The results obtained were measured in terms of average
PSNR over 10 runs, standard deviation of PSNR, frame rate, delay,
bandwidth usage, and visual quality. The reader interested in details
about performance of 3G-324M terminals at different bit rates with
service flexibility for WCDMA and HSCSD networks may refer to Curcio
and coworkers, [66] Hourunranta and Curcio, [67] and Curcio and Hourunranta. [68] Average PSNR results are shown in Table 21.3.
Table 21.3: PSNR for Video over 3G-324M
|
Speed/BER |
Average PSNR (dB) |
Standard Deviation of PSNR (dB) |
|
Error free |
32.12 |
0.02 |
|
3 kmph 2*7E-05 |
32.01 |
0.07 |
|
3 kmph 2*2E-04 |
31.65 |
0.19 |
|
50 kmph 2*6E-05 |
31.89 |
0.14 |
|
50 kmph 2*2E-04 |
31.64 |
0.19 |
The maximum quality loss achieved at the higher BER is
below 0.5 dB, with a maximum standard deviation below 0.2 dB. The
average encoding frame rate was 10.2 frames per second. The end-to-end
delay from encoding to display (excluding capturing and network delay)
was 140 ms, of which 98 ms was for shaping delay [69] and 42 ms was the processing delay. The bandwidth usage is reported in Table 21.4.
Table 21.4: Bandwidth Repartition for 3G-324M
|
Type of Data |
Percentage of Occupancy on the Total Bandwidth |
|
Video data |
84 |
|
Audio data |
8 |
|
H.223 multiplexer overhead |
8 |
Finally, Figure 21.9
shows the average visual quality under the worst of the conditions
tested (BER = 2*2E-04 at 3 kmph). The picture has been selected in a
way that the PSNR of the sample picture is as close to the average PSNR
as possible (31.65 dB). As it can be seen, the picture does not show
critical degradations, and its quality is fairly good.
21.5.4 SIP Signaling Delay
One factor that influences the overall user QoS,
in addition to media quality, is the call setup delay. This is
important when globally evaluating user satisfaction for a certain
service. We take this issue into consideration in this section,
evaluating the performance of a SIP user agent (UA) signaling with
video telephony capabilities that we have implemented.

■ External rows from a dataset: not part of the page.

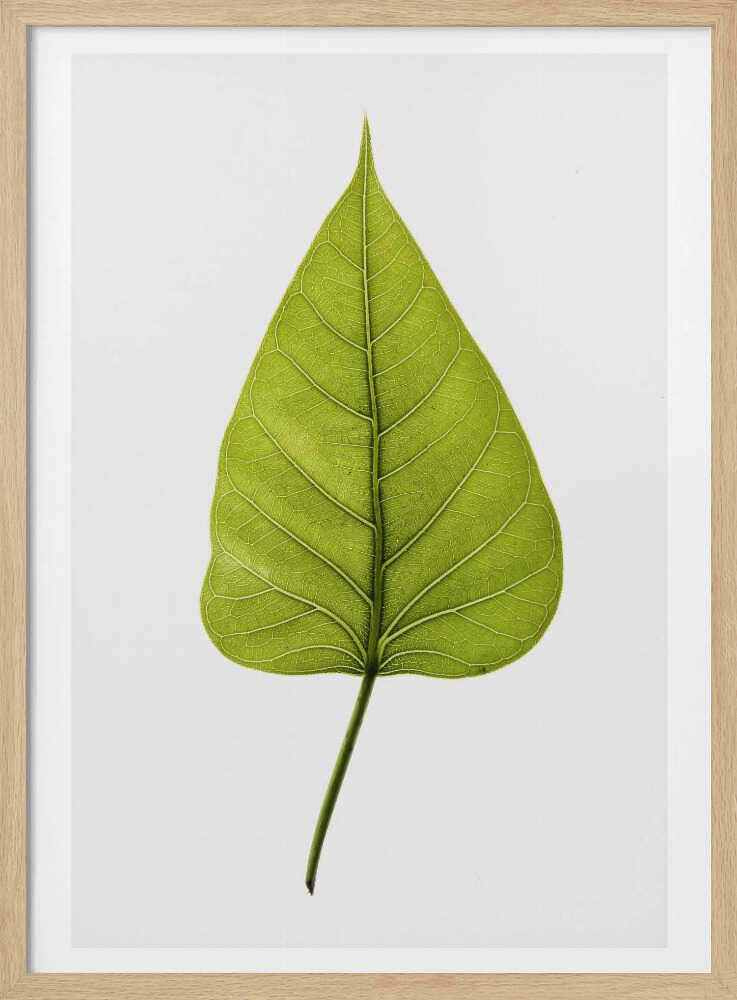 Einzelnes grünes Blatt mit filigranem Adernmuster | Poster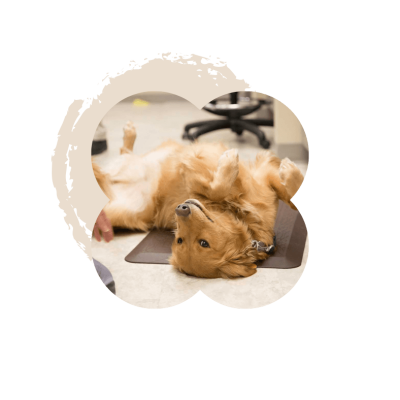 Medical Boarding – All Pets Animal Hospital Medical Boarding - All Pets Animal Hospital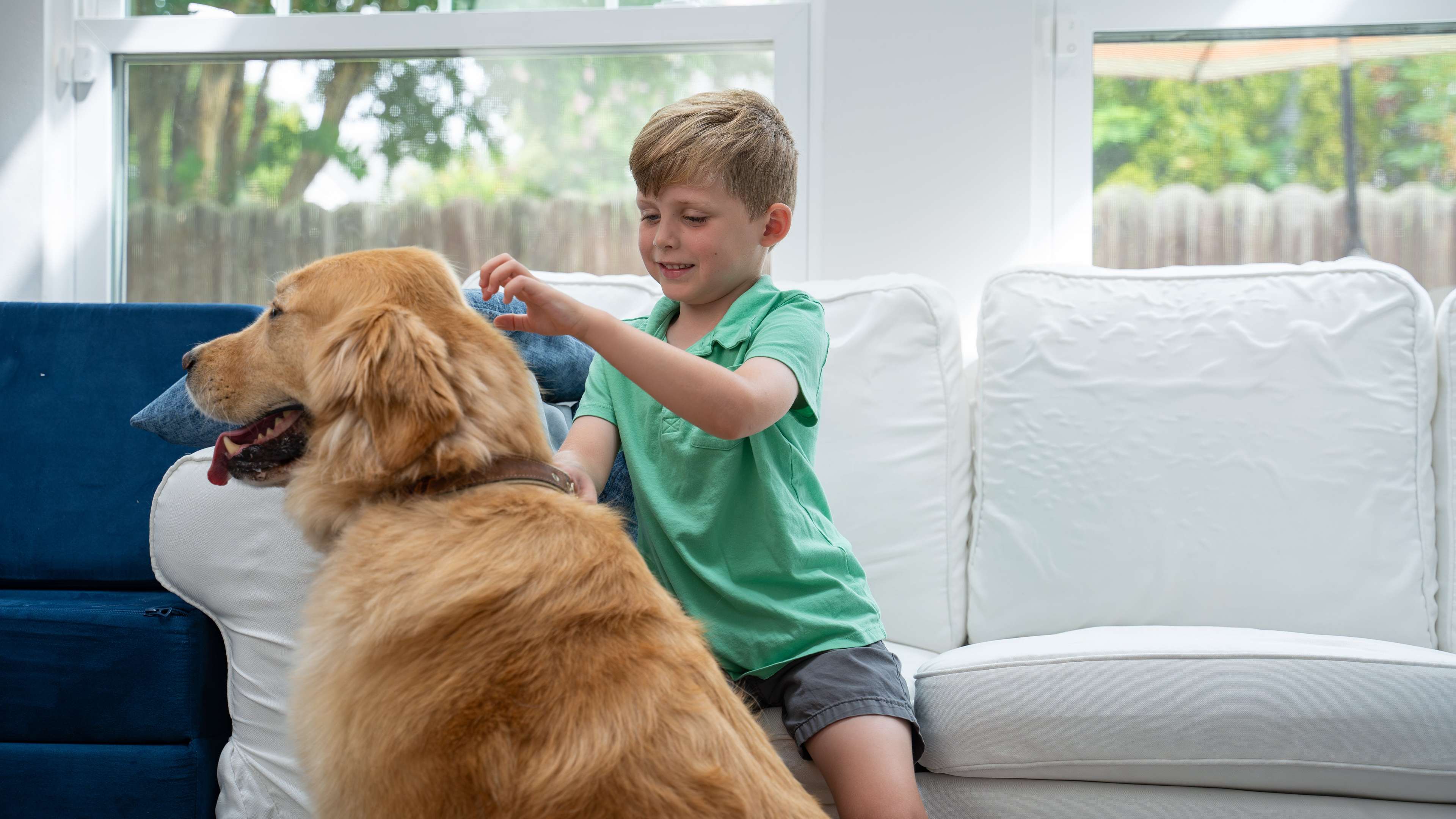 <p>Improve Indoor Air Quality</p>

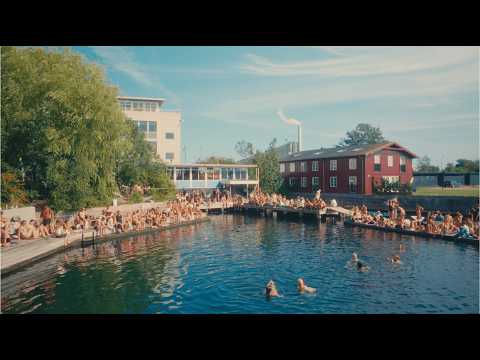 Where The City Meets The Wild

When SIP is used over UDP on a mobile network, the call
setup time between two terminals can vary because of the following
factors:
-
Lossy nature of the channel: If SIP packets are lost during call establishment, these are retransmitted.
-
Size of the channel: Smaller network bandwidths yield higher call setup delays than larger bandwidths.
-
Processing delays in the network: Each network element takes some time to process the requests made by the endpoints.
-
Congestion in the network path along the two end-points.
The message reliability system defined in SIP [70]
is made in such way that it can cope with packet losses and unexpected
delays within the network. The basic idea is that if a SIP message is
not received within a certain specified time, it is retransmitted by
the protocol itself. In the following, the retransmission rules for the
different SIP messages exchanged in a session between two SIP UAs such
as one in Figure 21.6 are explained:
-
INVITE method. A SIP UA should retransmit an
INVITE request with an interval that starts at T1 seconds, and doubles
after each packet transmission. T1 is an estimate of the round-trip
time (RTT). The client stops retransmissions if it receives a
provisional (1xx) or definitive (2xx) response, or once it has sent a
total of seven request packets. A UA client may send a BYE or CANCEL
request after the seventh retransmission (i.e., after 64*T1 seconds).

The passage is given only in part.